----- DATASET SECTION
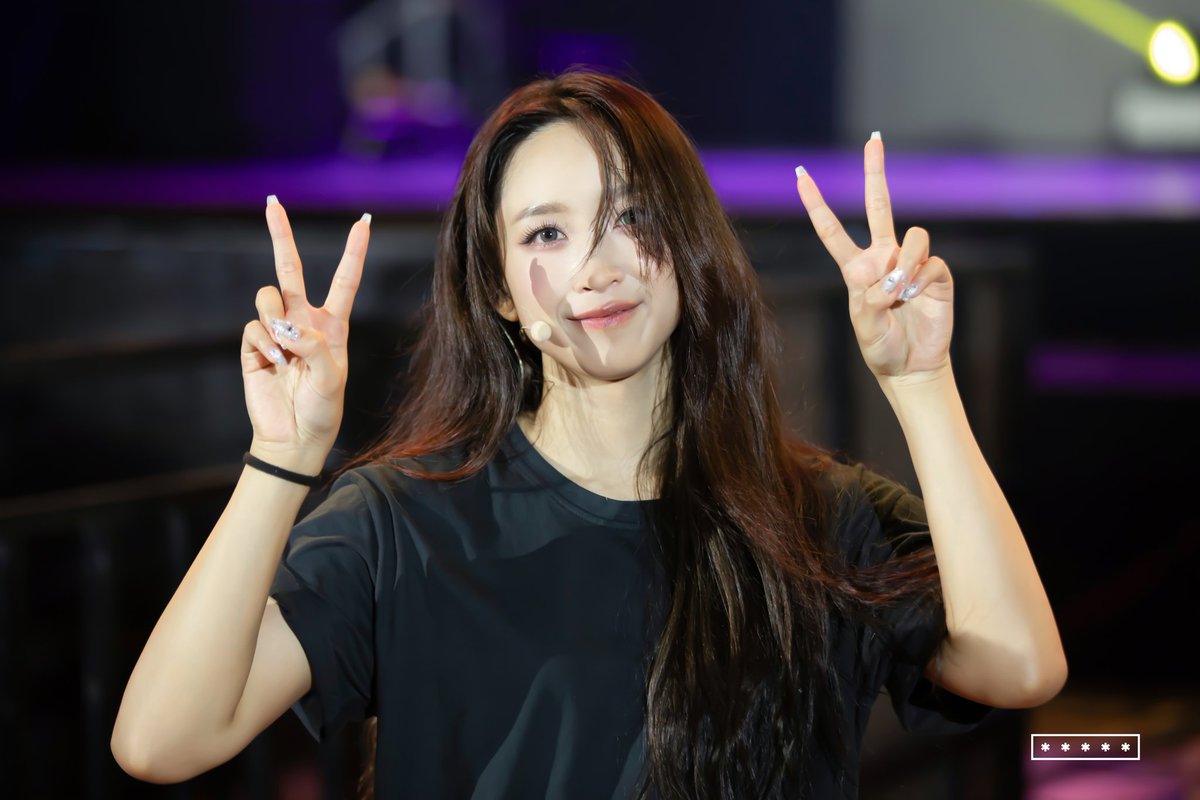 ghrs5t5untkjd10's tweet photo. Yallah mbak dita kek gini cakep banget, foto tercakep mbak dita sejauh ini to my mind🫶😭 https://t.co/oXrgpiV2Rp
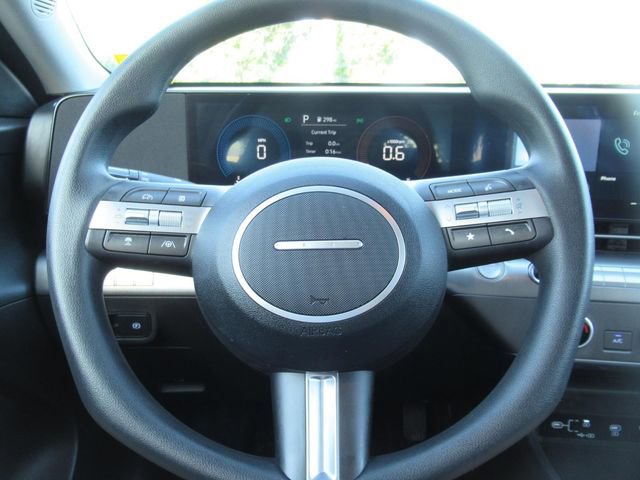 Used 2026 Hyundai Kona SE FWD image 21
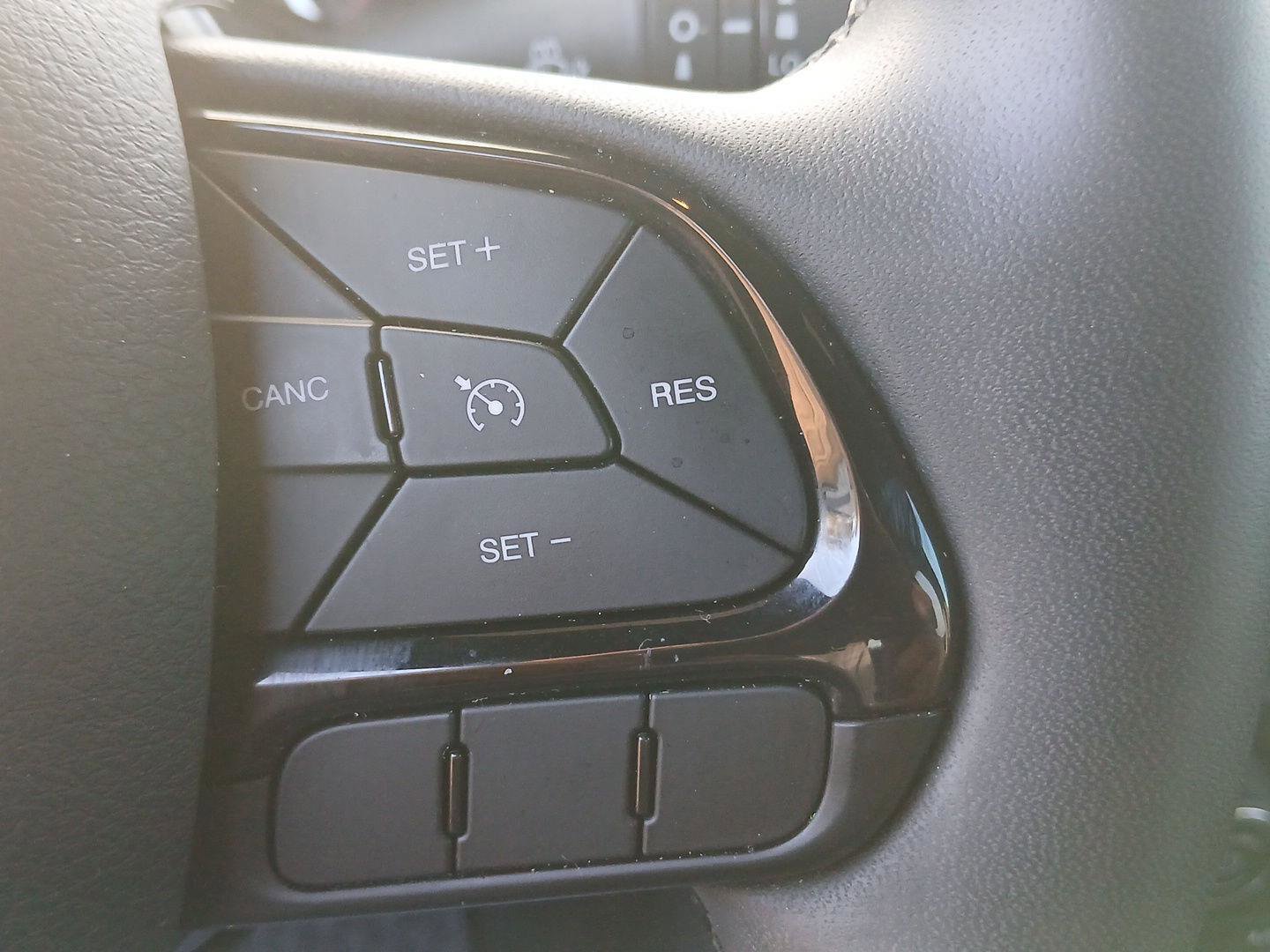 Used 2022 Jeep Renegade Altitude image 12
----------
§ TASK GOAL: From the line that contains "Used 2026 Hyundai Kona SE FWD image 21" through the last line of the listing, copy each line exactly; both end lines stay in, and pictures stay out.

§ ANSWER SPACE:
 Used 2026 Hyundai Kona SE FWD image 21
 Used 2022 Jeep Renegade Altitude image 12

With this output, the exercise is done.